# 3D Processing Technology and its Impact on iA32 Microprocessors

Bryan Black , Donald W. Nelson, Clair Webb, and Nick Samra
Intel Corporation
Email: Bryan.Black@intel.com

# **Abstract**

This short paper explores an implementation of a new technology called 3D die stacking and describes research activity at Intel. 3D die stacking is the bonding of two die either face-to-face or face-to-back in order to construct the 3D structure. In this work a face-to-face bonding is utilized because it yields a higher density dieto-die inter-connect than is possible with face-to-back. With sufficiently dense die-to-die interconnect devices as complex as an iA32 microprocessor can be repartitioned or split between two die in order to simultaneously improve performance and power.

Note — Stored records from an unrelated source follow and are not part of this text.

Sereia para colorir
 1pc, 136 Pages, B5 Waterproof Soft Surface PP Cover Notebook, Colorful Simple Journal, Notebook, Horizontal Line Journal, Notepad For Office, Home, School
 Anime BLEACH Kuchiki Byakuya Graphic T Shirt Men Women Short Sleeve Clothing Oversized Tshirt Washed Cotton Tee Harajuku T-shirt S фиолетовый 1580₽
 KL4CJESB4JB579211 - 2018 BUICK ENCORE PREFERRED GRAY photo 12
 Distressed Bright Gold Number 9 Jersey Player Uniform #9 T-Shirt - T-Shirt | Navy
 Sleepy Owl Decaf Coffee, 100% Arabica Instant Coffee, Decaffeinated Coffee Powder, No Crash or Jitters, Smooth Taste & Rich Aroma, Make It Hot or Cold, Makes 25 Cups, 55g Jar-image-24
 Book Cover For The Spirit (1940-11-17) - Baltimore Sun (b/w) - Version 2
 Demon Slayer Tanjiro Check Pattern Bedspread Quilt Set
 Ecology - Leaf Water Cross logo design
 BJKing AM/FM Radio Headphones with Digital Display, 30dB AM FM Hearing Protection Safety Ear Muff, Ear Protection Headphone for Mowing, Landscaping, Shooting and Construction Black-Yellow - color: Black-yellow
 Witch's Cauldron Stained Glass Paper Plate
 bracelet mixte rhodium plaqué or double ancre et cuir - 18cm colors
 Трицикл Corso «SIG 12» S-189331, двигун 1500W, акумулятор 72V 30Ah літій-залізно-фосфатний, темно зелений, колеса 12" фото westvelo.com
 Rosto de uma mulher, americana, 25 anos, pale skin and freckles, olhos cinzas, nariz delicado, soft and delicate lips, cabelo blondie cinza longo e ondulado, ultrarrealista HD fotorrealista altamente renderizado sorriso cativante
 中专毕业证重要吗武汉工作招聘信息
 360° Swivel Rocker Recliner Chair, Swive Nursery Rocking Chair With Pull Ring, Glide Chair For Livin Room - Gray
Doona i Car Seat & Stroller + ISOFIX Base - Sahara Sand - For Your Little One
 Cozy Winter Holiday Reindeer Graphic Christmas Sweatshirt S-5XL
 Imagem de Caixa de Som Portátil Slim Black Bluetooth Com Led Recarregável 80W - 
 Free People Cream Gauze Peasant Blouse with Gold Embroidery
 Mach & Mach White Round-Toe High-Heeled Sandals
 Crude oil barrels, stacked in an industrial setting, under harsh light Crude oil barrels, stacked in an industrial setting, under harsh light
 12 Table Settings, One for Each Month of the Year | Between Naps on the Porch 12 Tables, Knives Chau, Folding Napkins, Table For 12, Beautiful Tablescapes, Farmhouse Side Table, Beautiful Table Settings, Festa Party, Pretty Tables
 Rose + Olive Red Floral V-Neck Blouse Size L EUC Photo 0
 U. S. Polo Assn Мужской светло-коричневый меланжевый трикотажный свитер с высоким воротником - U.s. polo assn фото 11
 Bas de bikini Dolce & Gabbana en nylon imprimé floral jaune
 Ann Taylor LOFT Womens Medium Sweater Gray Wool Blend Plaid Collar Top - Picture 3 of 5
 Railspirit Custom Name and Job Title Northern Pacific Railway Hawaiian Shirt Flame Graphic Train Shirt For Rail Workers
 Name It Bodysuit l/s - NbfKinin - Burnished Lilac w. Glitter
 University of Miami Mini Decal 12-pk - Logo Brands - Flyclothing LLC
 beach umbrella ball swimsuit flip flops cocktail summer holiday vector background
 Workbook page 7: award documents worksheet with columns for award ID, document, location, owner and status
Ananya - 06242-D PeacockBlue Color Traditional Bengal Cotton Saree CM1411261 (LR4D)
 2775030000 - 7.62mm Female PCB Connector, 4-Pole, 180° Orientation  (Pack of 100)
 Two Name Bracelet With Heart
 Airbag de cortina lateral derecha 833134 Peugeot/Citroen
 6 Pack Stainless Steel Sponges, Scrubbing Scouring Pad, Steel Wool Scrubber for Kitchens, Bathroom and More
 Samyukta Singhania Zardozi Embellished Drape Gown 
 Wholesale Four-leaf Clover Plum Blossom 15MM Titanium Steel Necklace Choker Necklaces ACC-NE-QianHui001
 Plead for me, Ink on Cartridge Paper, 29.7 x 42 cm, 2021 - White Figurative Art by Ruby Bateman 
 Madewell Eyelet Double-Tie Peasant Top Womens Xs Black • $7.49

The 3D structure of this emerging technology is examined and applied in this paper to a real x86 deeply pipelined high performance microprocessor. In this initial study, it is shown that a 3D implementation can potentially improve the performance by 15% while improving power by 15%.

# 1. Introduction

3D die stacking is a new technology that is drawing the attention of the research community. Prior work has analyzed the implementation details of 3D structures [4][6][7], examined system-on-chip opportunities [1], explored cache implementations [4][7], adders [4], and projected wire benefits in full microprocessors [1][2][6]. At the 2004 Technology Venture forum the focus was on "3D Architectures for Semiconductor Integration and Packaging". It is clear that the embedded industry considers the emerging 3D technology as a very attractive method for integrating small systems.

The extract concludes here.